A empresa recorda, porém, que o remdesivir ainda não está licenciado nem aprovado nos Estados Unidos nem em nenhum outro país “e ainda não demonstrou ser seguro ou eficaz para nenhum uso, incluindo no tratamento da covid-19”.
“Conforme fizemos desde o início da pandemia, temos vindo a partilhar informação, de forma transparente e à medida que fica disponível, com a Administração, outros agentes e o público”, acrescentou um representante da Gilead Sciences num e-mail enviado esta quarta-feira ao New York Times.

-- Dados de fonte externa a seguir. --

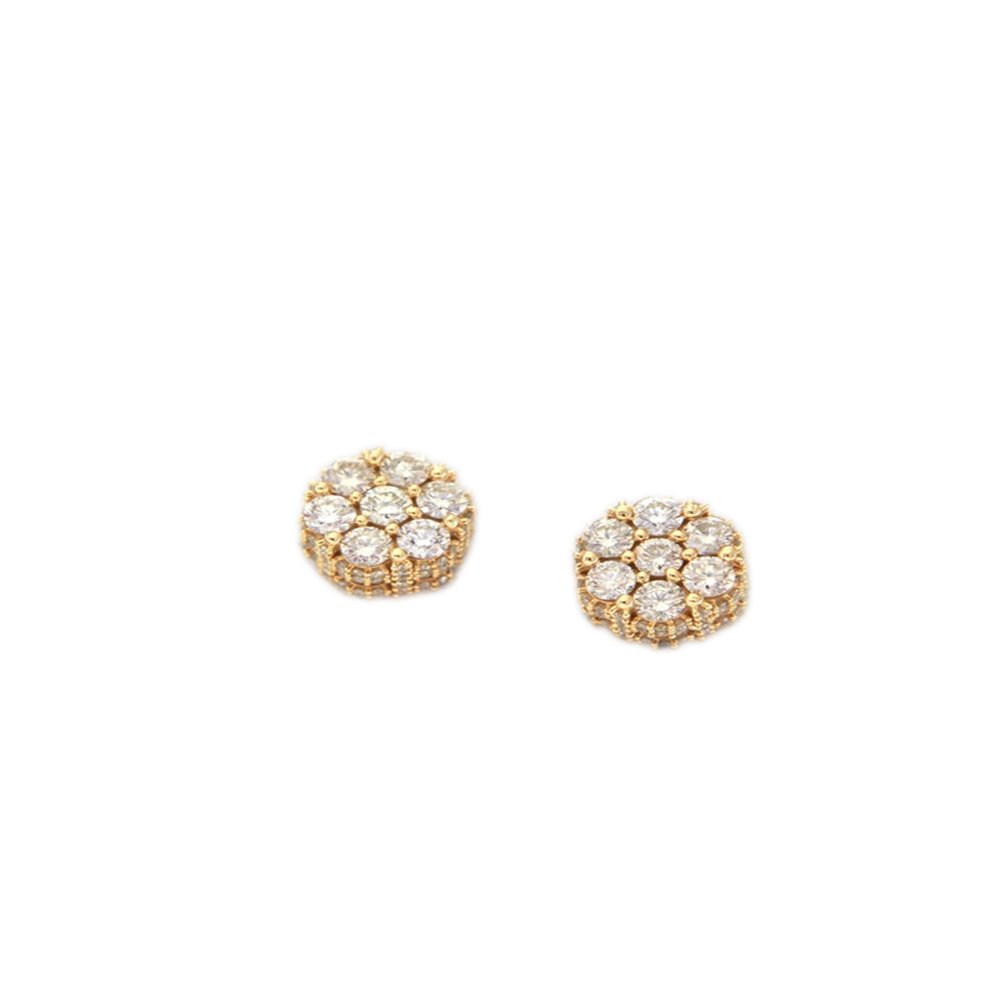 Pair of gold and diamond stud earrings with a circular design.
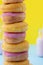 Donuts stacked with strawberry milk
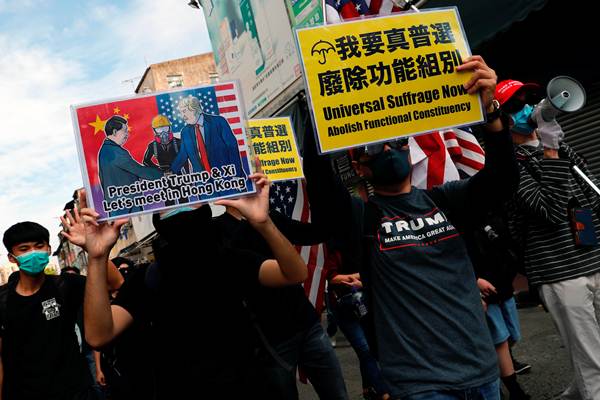 กลุ่มประท้วงต่อต้านรัฐบาลโบกธงชาติอเมริกาขณะเดินขบวนใน Sheung Shui เขตชายแดนฮ่องกงเมื่อวันอาทิตย์ที่ 5 ม.ค. 2020 (ภาพ รอยเตอร์ส)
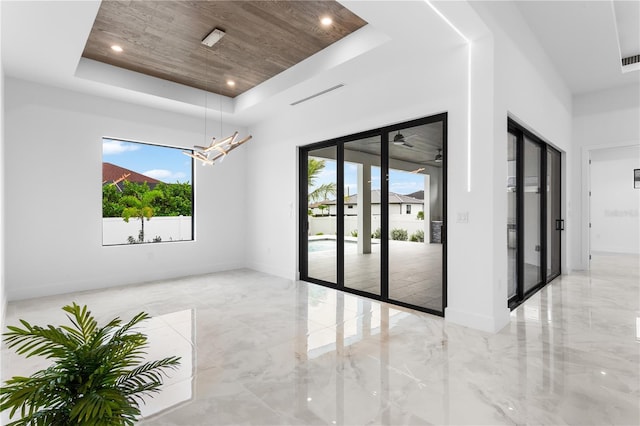 unfurnished room featuring wood ceiling and a raised ceiling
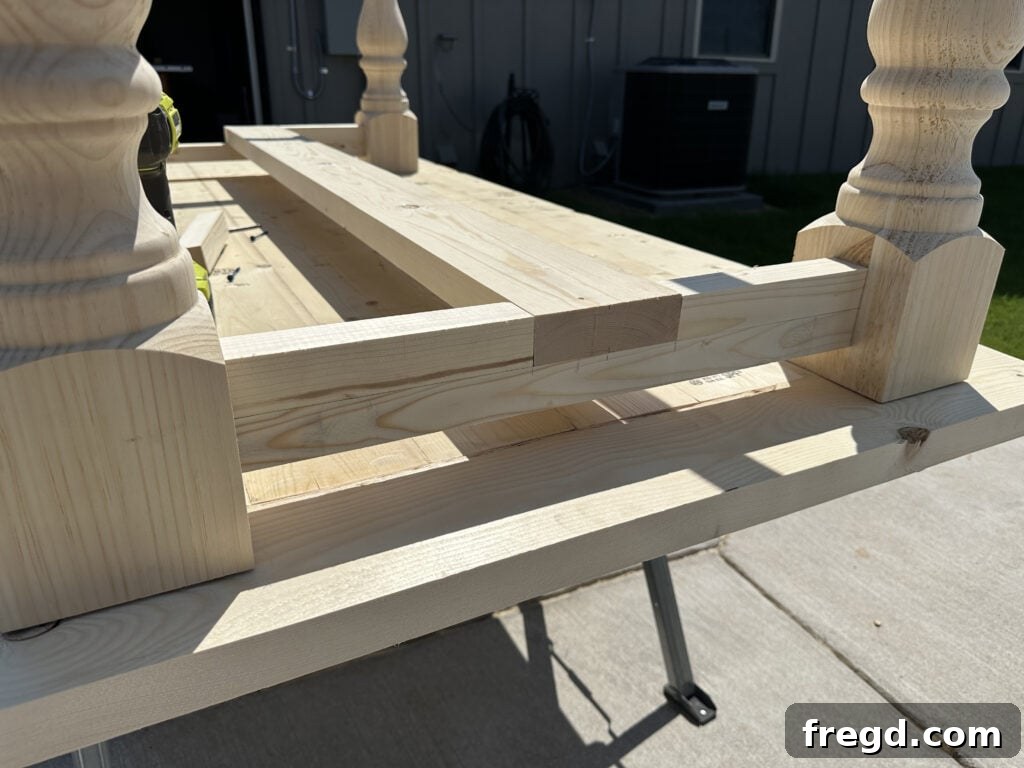 Build Your Own Dining Table with Free DIY Plans 16 Detail shot of the short trim pieces completing the runner support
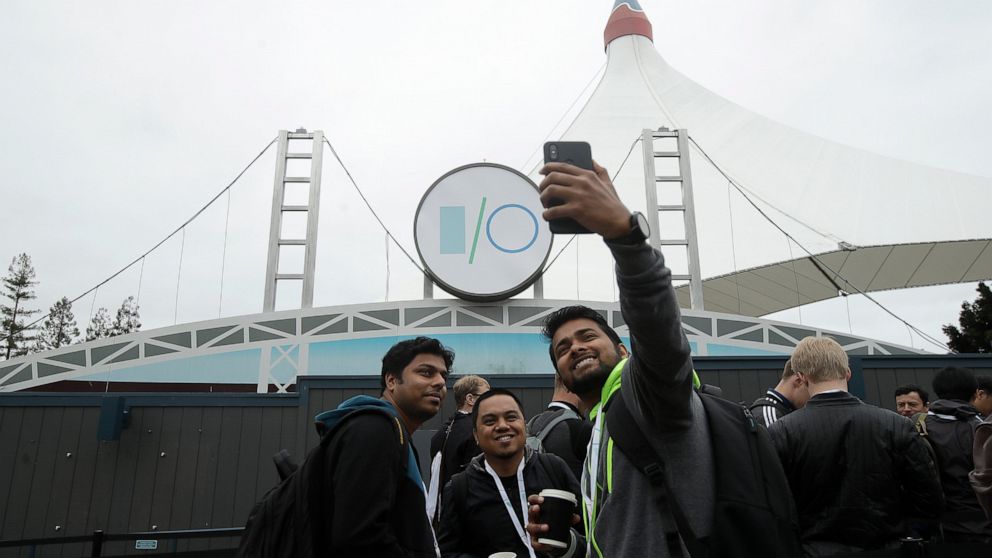 A group of attendees take photos while waiting in line for the keynote address of the Google I/O conference in Mountain View, Calif., Tuesday, May 7, 2019. (AP Photo/Jeff Chiu)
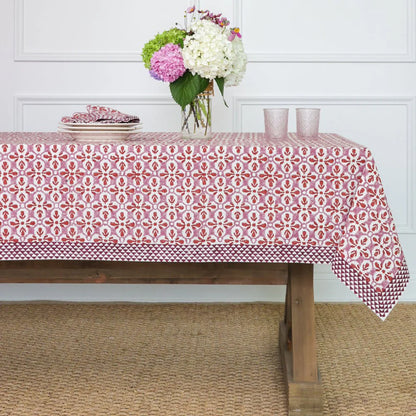 Fleur de Lis Rose Tablecloth with a soft pink pattern and bold purple border, hand-block printed on 100% cotton. Perfect for adding elegance to your dining table. Measures 60" x 120".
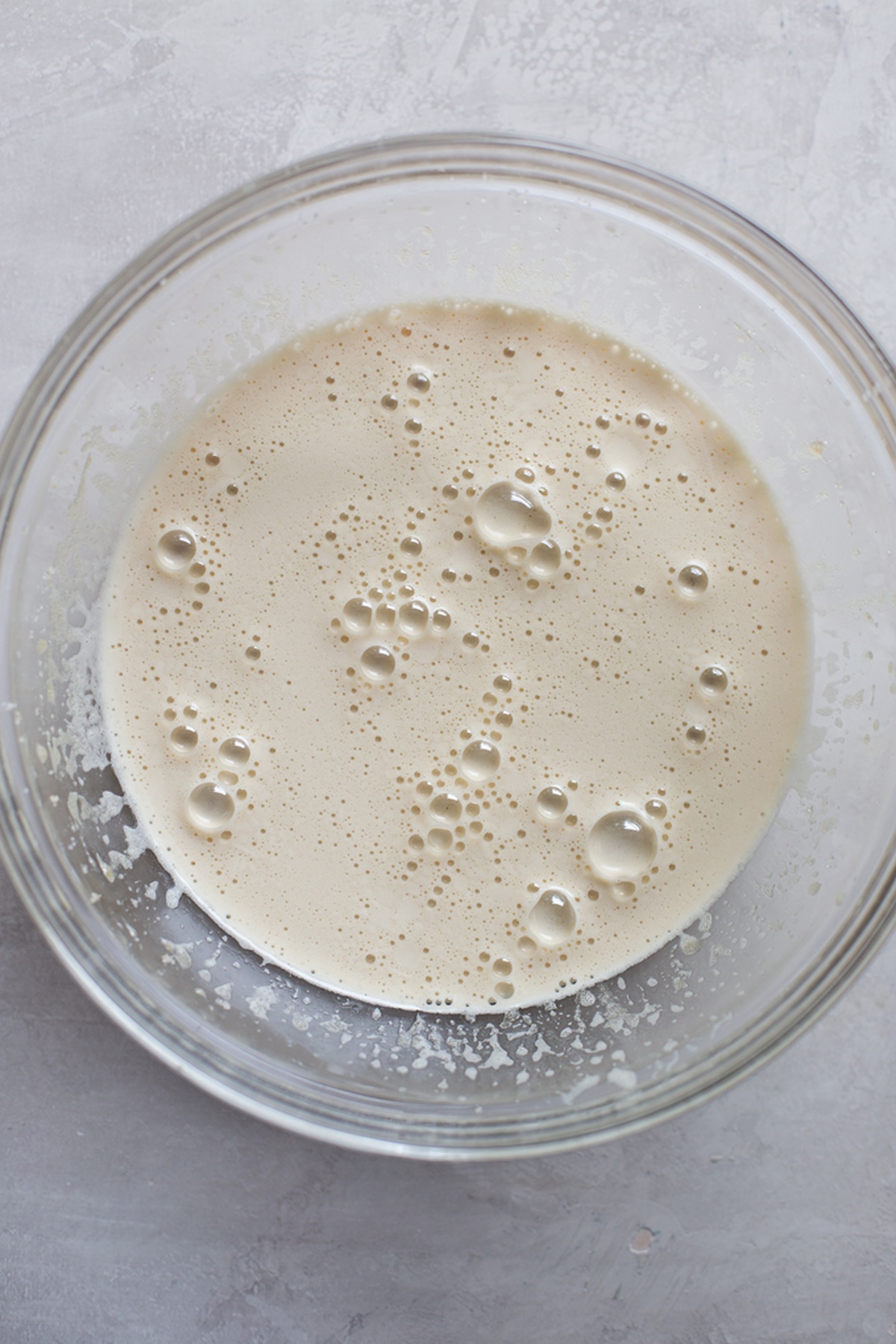 Sugar and oil in a glass bowl.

Já o porta-voz da empresa, Ryan McKeel, destacou que a Gilead Sciences não pode especular sobre as próximas acções que serão tomadas pelo governo federal. “No entanto, continuamos a discutir com eles o crescente corpo de provas para o [uso do] remdesivir como um potencial tratamento para a covid-19, com o objectivo de tornar o remdesivir mais abrangente e disponível para pacientes que necessitam urgentemente de tratamento”, acrescentou citado pelo mesmo jornal.
O New York Times refere que foram divulgados alguns relatos, nomeadamente em publicações prestigiadas como a revista New England Journal of Medicine, que davam conta de pacientes que alegadamente tinham recuperado após tomarem remdesivir, embora os resultados fossem, na verdade, incertos — o que abalou a confiança e credibilidade dos estudos sobre este medicamento.
Porém, revela-se essencial os estudos compararem os efeitos do medicamento remdesivir e de um placebo nos doentes, de forma a averiguar se os pacientes melhoraram devido ao efeito do medicamento ou apenas com a ajuda de cuidados médicos básicos.